Microsoft to buy Red Hat? Say it ain’t so

In Paris, Ontario, there’s a large plaza sign advertising both The Paris Sleep Laboratory and the Canadian Post Office. The synergy there, of course, should be obvious –at least from the point of view of the humorist. Recent revivals of the idea that Microsoft might want to take over Red Hat have a similar quality to them.

As David Berlind recently pointed out in his piece Is Microsoft considering acquisition of Red Hat? Microsoft could see Red Hat’s acquisition as a nice way to undermine IBM, but might not consider that a sufficient reason to do it.
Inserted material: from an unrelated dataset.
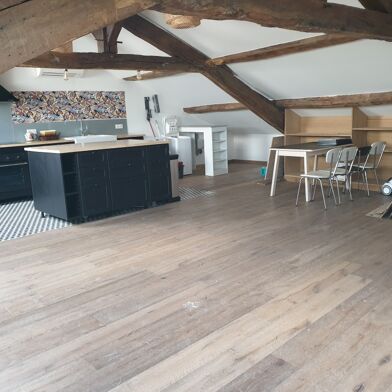 Appartement 3 pièces 880 €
That, of course, is Microsoft’s perspective, but what about Red Hat’s? This is a company, remember, that wants to be Microsoft and, like Microsoft, makes its living packaging and selling other people’s ideas.

From Red Hat’s perspective this could be a marriage made in heaven — offering both a defense against the two greatest strategic threats it faces and a graceful way for key players to fold their tents and steal away into the night.

The biggest threat Red Hat faces right now is that IBM could settle with SCO and then release its own Linux along with workstations and servers based on the Cell processor. With SuSe essentially out of the picture, Linspire in a world by itself, and Debian not getting the press it deserves, such a move by IBM would leave Red Hat with nowhere to go except a suicidal head-to-head competition with Microsoft in the x86 marketplace. Given that Cell outperforms x86 by an order of magnitude and doesn’t have the security weaknesses built into the x86, this would leave them fighting to hold an ever decreasing share of a shrinking market.

The second most important threat facing them is that an IBM Linux on Cell offering gives the Linux and general open source communities an opportunity to rebel against Red Hat’s pretense of selling support with free licenses rather than licenses with free support. Since that’s the fundamental underpinning for Red Hat’s business model, taking it away would obliterate the company.